In addition, teachers and teacher educators alike continually face new demands that require them to develop their skills, not least to facilitate the needs of the 21st-century skills they are expected to help their students at all levels to acquire. Therefore, there is a need for support for teachers and trainers to take on new approaches to teaching and learning and use new technologies to support and facilitate this.
The science subjects pose problems or obstacles for a large number of students in European schools. School science subjects are considered “hard” and require high levels of abstraction. As a result, there has been a decline in young Europeans’ interest in the science subjects both during their education and as career opportunities. At the same time, across Europe, science subjects suffer low attendance and are often chosen away by students as soon as possible. This serious problem reverberates up through the educational system, leading to universities eventually lacking qualified student cohorts. Therefore, recent policy papers recommend reforms in the approach to how science is taught in the school system. Inquiry-oriented approaches are recommended to make the learning of science more like the practice of science.
This project addresses the above concerns by contributing to developing and implementing innovative science education in order to enhance the quality of science teaching/learning and student attitudes and motivation. AR-sci will develop a more student-centered approach facilitating an inquiry-oriented teaching, collaboration and active learning, and a visualization of the often hidden processes that are central to understanding science. This will be done through the introduction of Augmented Reality (AR) and a development of a needed pedagogical approach to its uses. AR makes possible active, collaborative learning as well as interaction with and visualization of central science knowledge.
Thus AR-sci has the dual aim of 1) developing and testing an innovative, called-for approach to science teaching and 2) giving students a more positive view of and attitude to science, thus helping enhance and promote science education across Europe by motivating students otherwise prone to giving up on science.

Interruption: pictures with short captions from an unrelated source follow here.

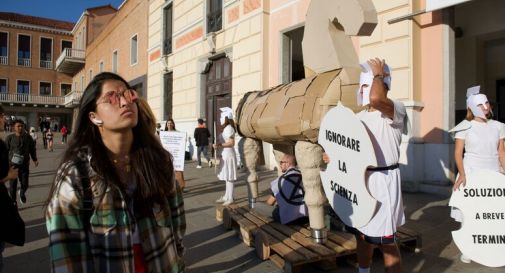 Attivisti di Extinction Rebellion 'scalano' il palazzo della Regione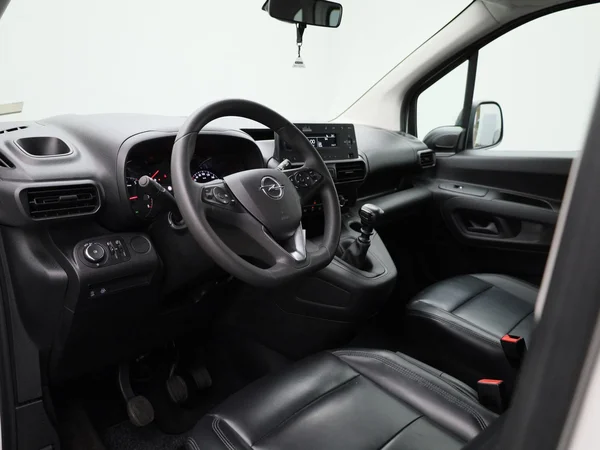 Opel Combo Life (2022) — foto 18 van 35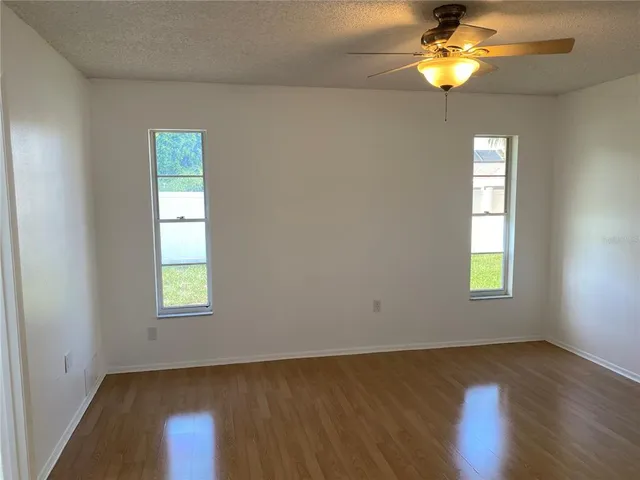 $409,900 | 481 Saturn Avenue, Sarasota, FL 34243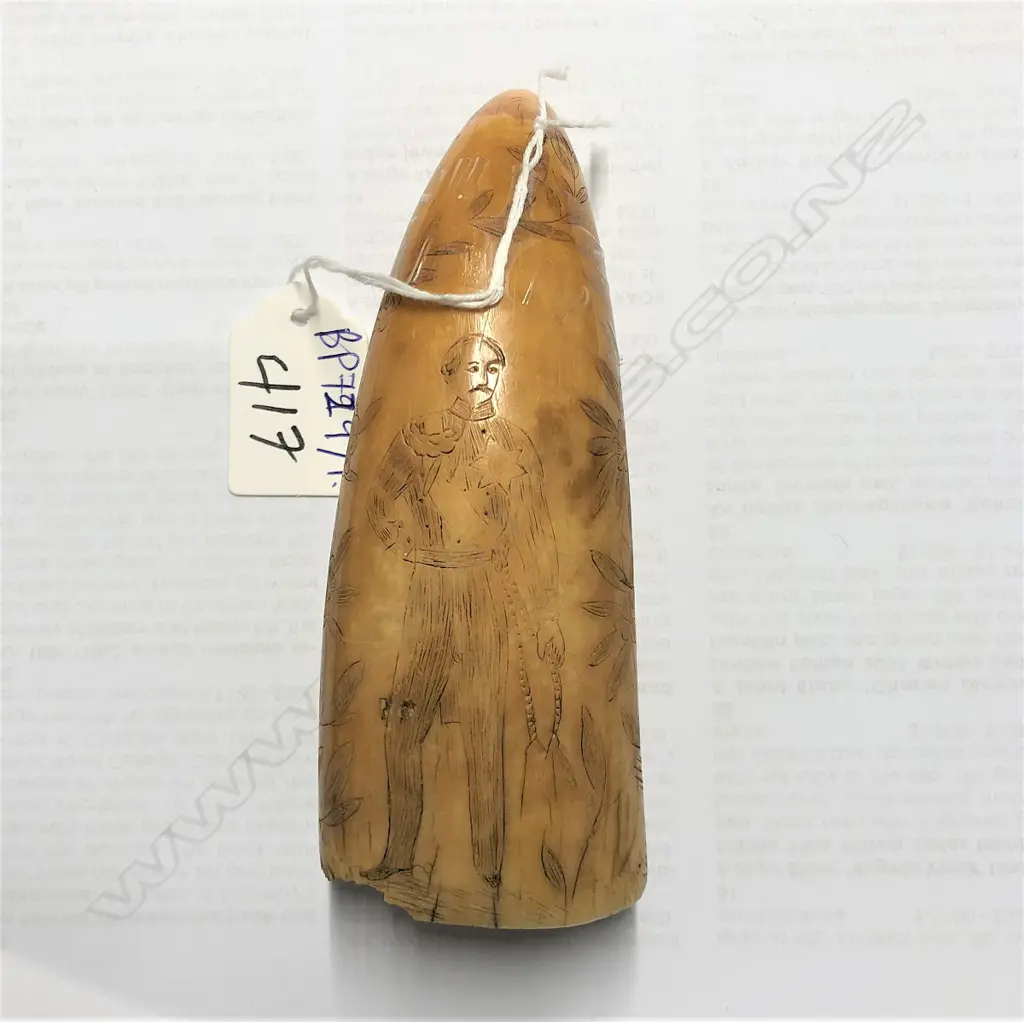 19thC SCRIMSHAW WHALES TOOTH L. 130MM Image 1++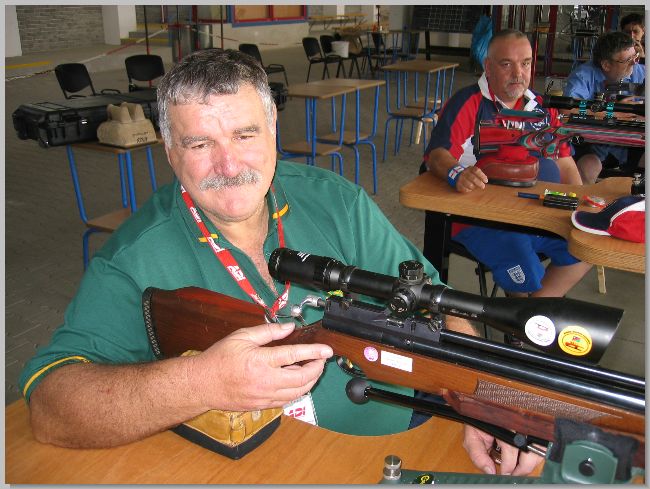 118_Benchrest.jpg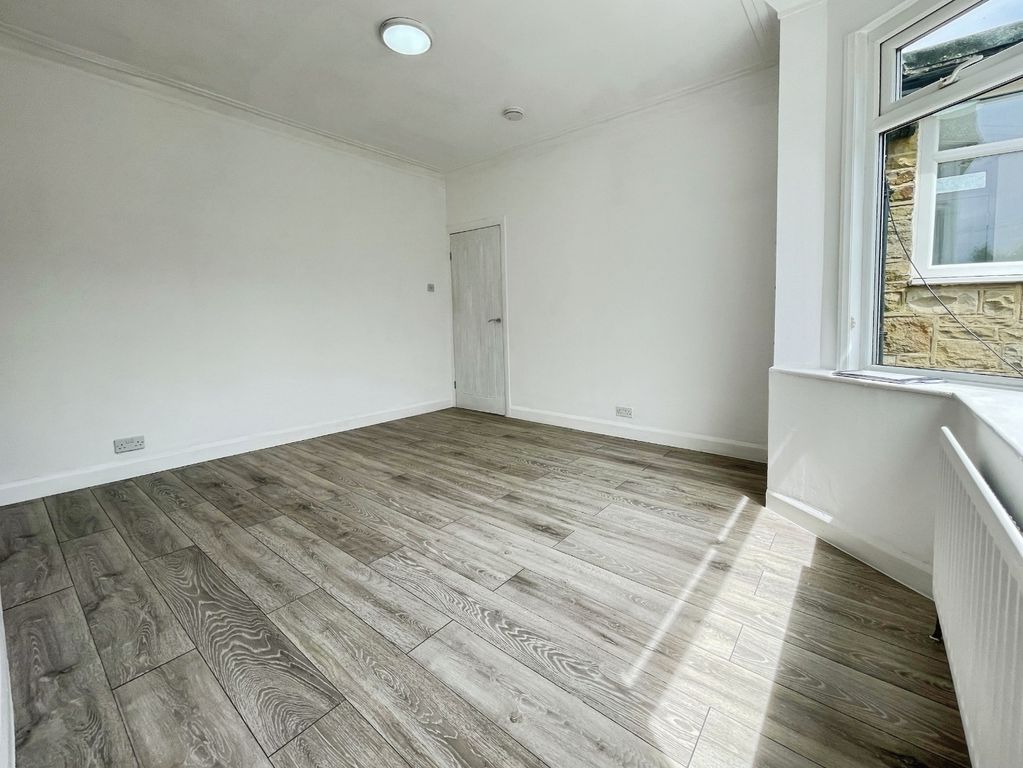 Property photo 3 of 17 Living Room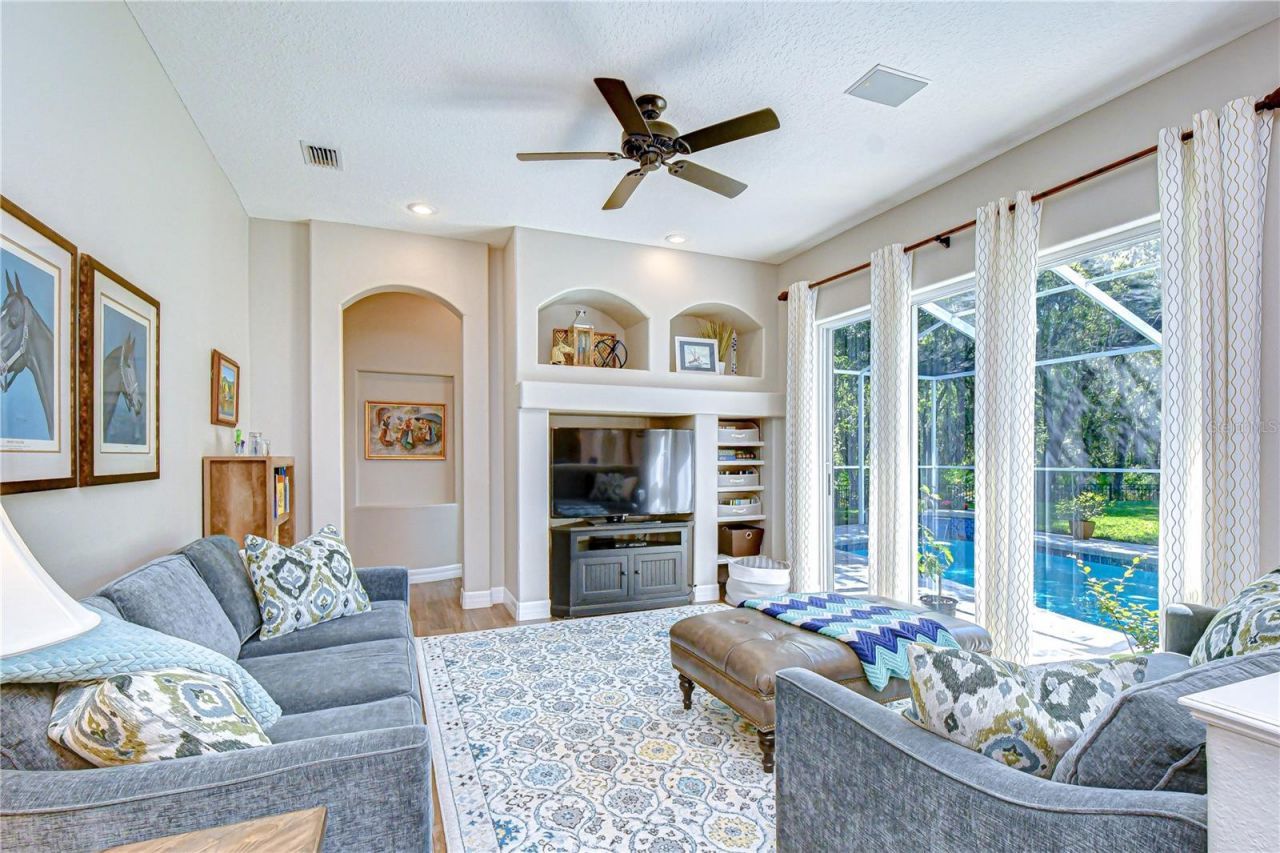 16918 Harrierridge Place, Lithia, FL 33547 Photo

To sum up, then, addressing Europe's needs for changes in science education to ensure the development of STEM key competences and the intake of students in science-related career paths, this project will describe a supplementary, new and innovative approach through a design guideline for science teachers and others interested in the field.
Partners in the project are 2 university colleges, a university, a research center and 2 schools. The project will first carry out an intensive needs analysis across a broad spectrum of areas, and next, materials will be developed in three “waves”: first by the HE partners, school partners sparring, then by school partners and teachers, and finally, students will be involved as producers. Co-creation and user involvement will be very much present in the projects working methods. The materials produced in the project will be piloted in three iterations, and materials will be available as OER on the Jorum platform.
The expected impact of the project is renewal of science teaching. The changes here will be made possible through the project’s targeting of all levels in the educational system, albeit in different ways and through different channels.